The priest talked for ages. I searched for Dad among all the people there but couldn’t spot him. Maybe he was hiding behind the cypresses, or maybe he’d disguised himself to look like somebody else, like in that TV show, The Saint , about that Simon Templar guy. But if I could see his eyes, I knew I’d recognize him.
That was autumn 1988. After that, I learned how to write and read, I learned it’s impossible for a person to write, draw, or say everything inside their head, I learned what friendship is, how thoughts can be dangerous, and, finally, about death.
After the priest was done blessing everything in the world, Feri, the gravedigger, and his son shoveled dirt onto the coffin, and people began drifting away. My aunt and grandmother had made cakes, coffee, and stiff drinks at home. I played with my cousins in my room. I was quiet, but impatient. Once in a while, someone would come in with a coffee cup or a shot glass and say something like “Don’t you be sad now” or “Your daddy’ll always be with you, even if you can’t see him.” I’d bite my tongue and drive my toy car behind the bed.
They were all quiet, but nobody cried until Godmother went to the car to get lollipops and Milka chocolate for the kids. She worked in Germany like my dad, and I was the only one who called her Godmother—everybody else called her Ljubica. Through the window I thought her sweater was the same one my dad had always worn, and when the door opened, I said, “You’re back!” Everybody stopped talking for a moment, and then Godmother came in, closed the door, took out her already wet handkerchief, and buried her face in it. She knelt and hugged me, and the chocolate and round plastic box of lollipops slipped to the floor. Without a word, she went into the bathroom and didn’t come out until it was only my mother, my sister, me, and the smell of the funeral wreaths left in the house.

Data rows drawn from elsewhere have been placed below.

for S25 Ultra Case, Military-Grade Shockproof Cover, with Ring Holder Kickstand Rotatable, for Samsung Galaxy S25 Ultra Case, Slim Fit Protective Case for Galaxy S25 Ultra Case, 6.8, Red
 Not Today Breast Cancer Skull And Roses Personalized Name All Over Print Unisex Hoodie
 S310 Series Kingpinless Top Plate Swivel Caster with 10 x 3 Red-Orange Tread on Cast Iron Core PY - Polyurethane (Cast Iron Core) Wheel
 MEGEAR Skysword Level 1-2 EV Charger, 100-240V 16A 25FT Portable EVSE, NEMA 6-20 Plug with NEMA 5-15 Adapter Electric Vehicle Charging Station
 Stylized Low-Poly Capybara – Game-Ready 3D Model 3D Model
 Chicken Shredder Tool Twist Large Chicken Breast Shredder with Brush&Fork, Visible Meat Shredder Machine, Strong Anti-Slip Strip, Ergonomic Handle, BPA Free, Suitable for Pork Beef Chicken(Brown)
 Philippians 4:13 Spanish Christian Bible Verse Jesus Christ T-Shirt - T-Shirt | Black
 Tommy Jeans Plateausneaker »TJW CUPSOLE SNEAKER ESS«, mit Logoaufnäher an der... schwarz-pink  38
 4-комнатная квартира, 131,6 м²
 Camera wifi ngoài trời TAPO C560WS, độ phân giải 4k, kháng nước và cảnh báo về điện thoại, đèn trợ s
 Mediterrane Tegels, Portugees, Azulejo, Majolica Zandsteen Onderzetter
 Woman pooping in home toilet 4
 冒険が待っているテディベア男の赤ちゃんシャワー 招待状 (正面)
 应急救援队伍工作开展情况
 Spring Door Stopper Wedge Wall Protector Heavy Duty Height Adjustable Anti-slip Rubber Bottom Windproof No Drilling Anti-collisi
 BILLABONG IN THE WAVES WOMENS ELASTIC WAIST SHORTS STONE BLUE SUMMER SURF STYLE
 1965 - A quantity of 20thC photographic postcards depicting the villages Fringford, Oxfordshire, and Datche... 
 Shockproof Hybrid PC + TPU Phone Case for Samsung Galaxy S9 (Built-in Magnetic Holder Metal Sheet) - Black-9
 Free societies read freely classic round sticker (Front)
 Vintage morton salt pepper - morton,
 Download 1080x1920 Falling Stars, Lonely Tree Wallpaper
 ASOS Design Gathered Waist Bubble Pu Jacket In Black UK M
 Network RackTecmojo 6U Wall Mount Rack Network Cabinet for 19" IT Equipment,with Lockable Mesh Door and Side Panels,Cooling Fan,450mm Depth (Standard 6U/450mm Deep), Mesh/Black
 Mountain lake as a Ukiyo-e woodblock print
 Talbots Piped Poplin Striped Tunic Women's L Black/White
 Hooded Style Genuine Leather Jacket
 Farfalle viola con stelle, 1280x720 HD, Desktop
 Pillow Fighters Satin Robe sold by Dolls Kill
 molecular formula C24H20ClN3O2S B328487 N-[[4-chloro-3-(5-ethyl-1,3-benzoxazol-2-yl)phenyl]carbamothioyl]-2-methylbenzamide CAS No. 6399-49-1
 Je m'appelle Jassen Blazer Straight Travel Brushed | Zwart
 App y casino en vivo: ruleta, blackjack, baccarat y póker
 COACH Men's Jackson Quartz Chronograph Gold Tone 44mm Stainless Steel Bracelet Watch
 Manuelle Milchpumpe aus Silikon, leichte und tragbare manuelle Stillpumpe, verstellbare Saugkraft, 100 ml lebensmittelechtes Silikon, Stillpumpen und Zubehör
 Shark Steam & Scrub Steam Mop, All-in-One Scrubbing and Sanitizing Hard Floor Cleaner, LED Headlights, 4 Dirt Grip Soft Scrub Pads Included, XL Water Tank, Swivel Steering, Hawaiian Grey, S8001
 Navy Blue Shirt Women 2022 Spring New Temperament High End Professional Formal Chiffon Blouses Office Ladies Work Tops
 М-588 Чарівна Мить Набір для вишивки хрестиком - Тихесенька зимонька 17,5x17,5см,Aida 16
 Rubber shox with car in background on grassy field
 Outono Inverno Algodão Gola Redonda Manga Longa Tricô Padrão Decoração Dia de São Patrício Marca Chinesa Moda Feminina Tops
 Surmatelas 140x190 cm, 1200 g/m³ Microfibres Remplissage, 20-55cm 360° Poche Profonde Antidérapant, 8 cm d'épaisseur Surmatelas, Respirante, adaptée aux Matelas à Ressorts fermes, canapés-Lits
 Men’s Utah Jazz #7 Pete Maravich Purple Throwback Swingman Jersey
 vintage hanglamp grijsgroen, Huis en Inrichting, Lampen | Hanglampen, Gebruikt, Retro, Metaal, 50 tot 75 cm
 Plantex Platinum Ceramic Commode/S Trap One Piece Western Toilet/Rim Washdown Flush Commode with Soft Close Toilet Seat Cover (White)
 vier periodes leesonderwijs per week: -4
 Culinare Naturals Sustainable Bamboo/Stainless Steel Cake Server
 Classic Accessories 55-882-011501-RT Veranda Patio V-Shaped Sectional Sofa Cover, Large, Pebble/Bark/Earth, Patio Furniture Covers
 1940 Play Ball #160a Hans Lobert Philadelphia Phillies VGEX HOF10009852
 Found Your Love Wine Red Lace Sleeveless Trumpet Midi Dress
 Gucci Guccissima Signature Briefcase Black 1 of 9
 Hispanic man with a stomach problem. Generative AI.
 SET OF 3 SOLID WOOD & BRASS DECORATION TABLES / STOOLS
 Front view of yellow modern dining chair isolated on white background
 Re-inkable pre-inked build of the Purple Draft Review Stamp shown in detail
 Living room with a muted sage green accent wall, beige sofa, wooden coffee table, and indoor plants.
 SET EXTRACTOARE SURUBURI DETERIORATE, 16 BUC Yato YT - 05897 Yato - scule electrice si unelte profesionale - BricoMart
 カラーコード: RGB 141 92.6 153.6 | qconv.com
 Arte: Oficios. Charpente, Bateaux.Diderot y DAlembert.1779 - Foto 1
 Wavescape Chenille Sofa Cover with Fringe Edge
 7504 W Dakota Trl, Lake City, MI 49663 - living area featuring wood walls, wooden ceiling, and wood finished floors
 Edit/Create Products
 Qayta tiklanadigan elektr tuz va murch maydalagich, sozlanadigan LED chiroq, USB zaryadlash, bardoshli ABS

The dark came, and it felt like it went deeper into the house that night. I lay in bed, thumbing through a picture book about Iva and Ana taking a plane. My sister said I had to brush my teeth, so I followed her to the bathroom. She opened the door, then quickly closed it and said, “No brushing teeth or washing feet tonight. Put on your PJs, and I’ll tuck you in.” When my sister had opened the bathroom door, I’d seen Mom sitting on the toilet lid and Godmother in front of her holding her head. Mom’s face was red and puffy, and she was crying in a whole different way than people had been crying at the graveyard. No restraint. Her hair was stuck to her forehead, her eyelashes were matted, her mouth was raw and red, and her arms shook even though they were resting on her knees. I heard her whisper, “How’ll I do this all alone?” and then they looked at the door, which my sister quickly shut.